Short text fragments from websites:
-- Opening Marker --

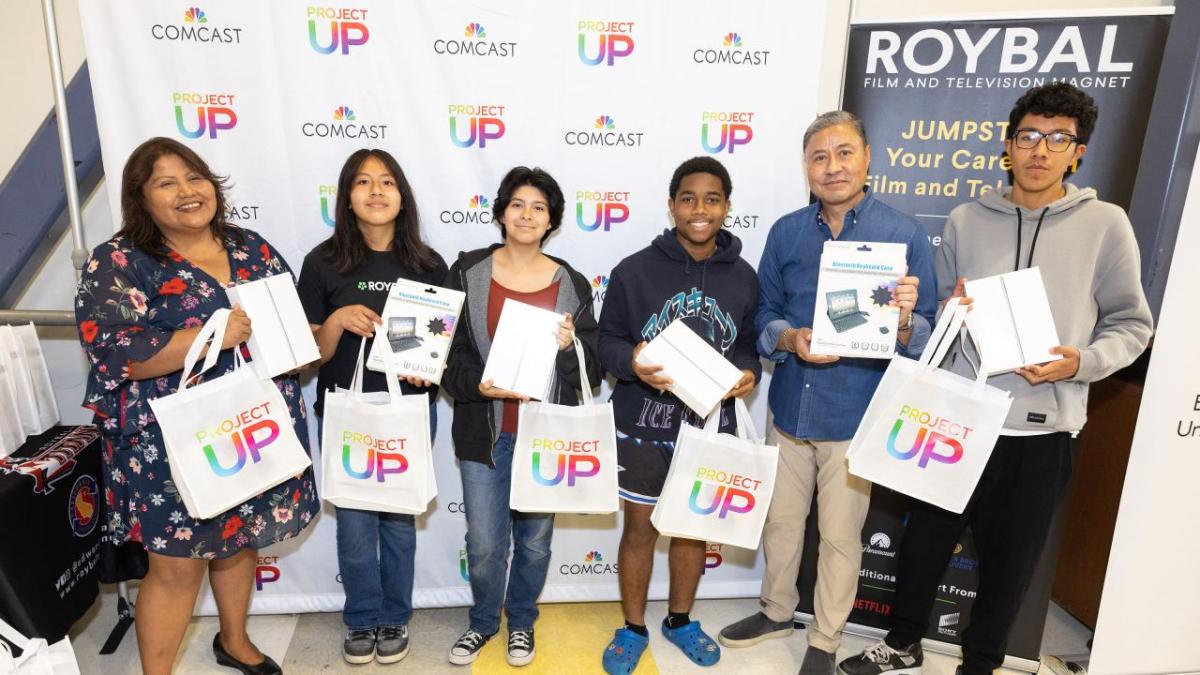 Six people posed with matching bags.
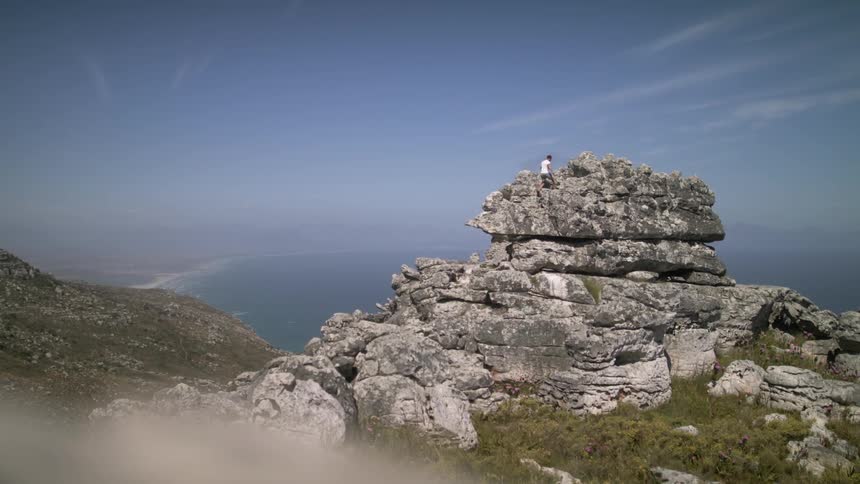 Person climbs up a large rock formation overlooking water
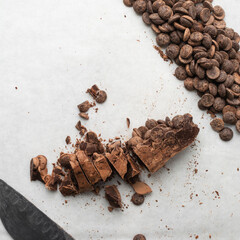 top view of chocolate chips on a white background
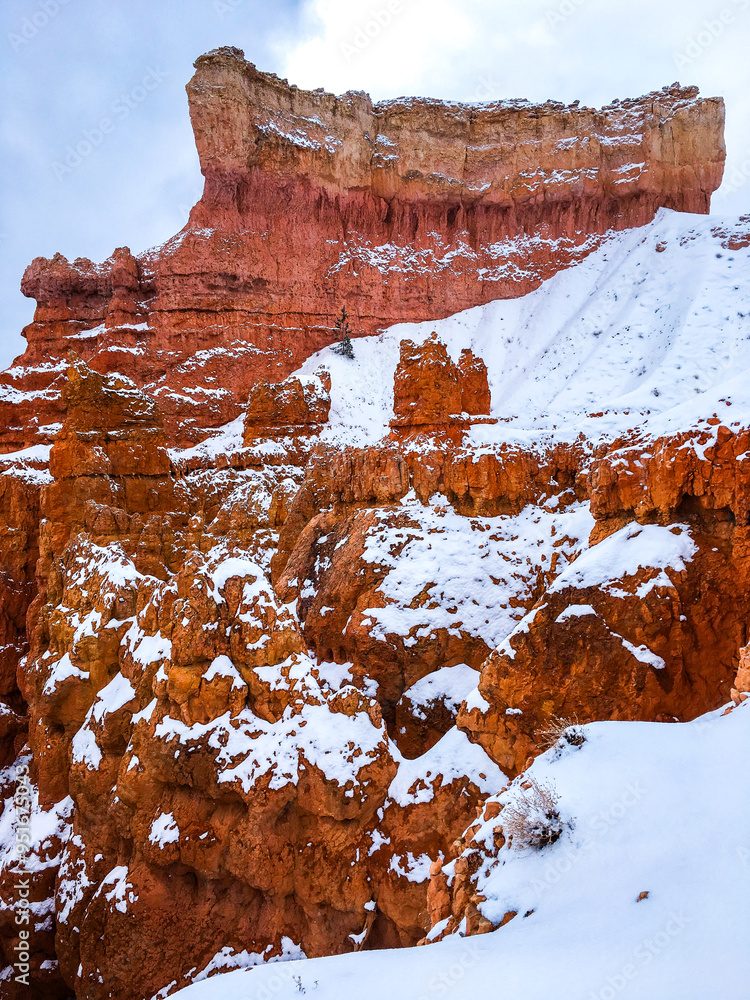 Snow scene colorful cliffs with red rock and stone in Bryce Canyon National Park Snow scene colorful cliffs with red rock and stone in Bryce Canyon National Park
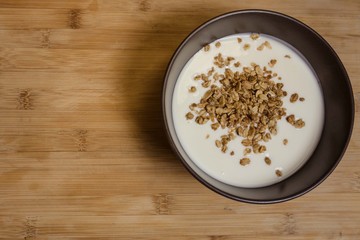 Healthy breakfast with muesli in banana yogurt top view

-- Closing Marker --

■ Problem details: Every line from the one containing "Person climbs up" through the last line of the records is to be reproduced exactly, with pictures left out and nothing else given.

■ Result:
 Person climbs up a large rock formation overlooking water
 top view of chocolate chips on a white background
 Snow scene colorful cliffs with red rock and stone in Bryce Canyon National Park Snow scene colorful cliffs with red rock and stone in Bryce Canyon National Park
 Healthy breakfast with muesli in banana yogurt top view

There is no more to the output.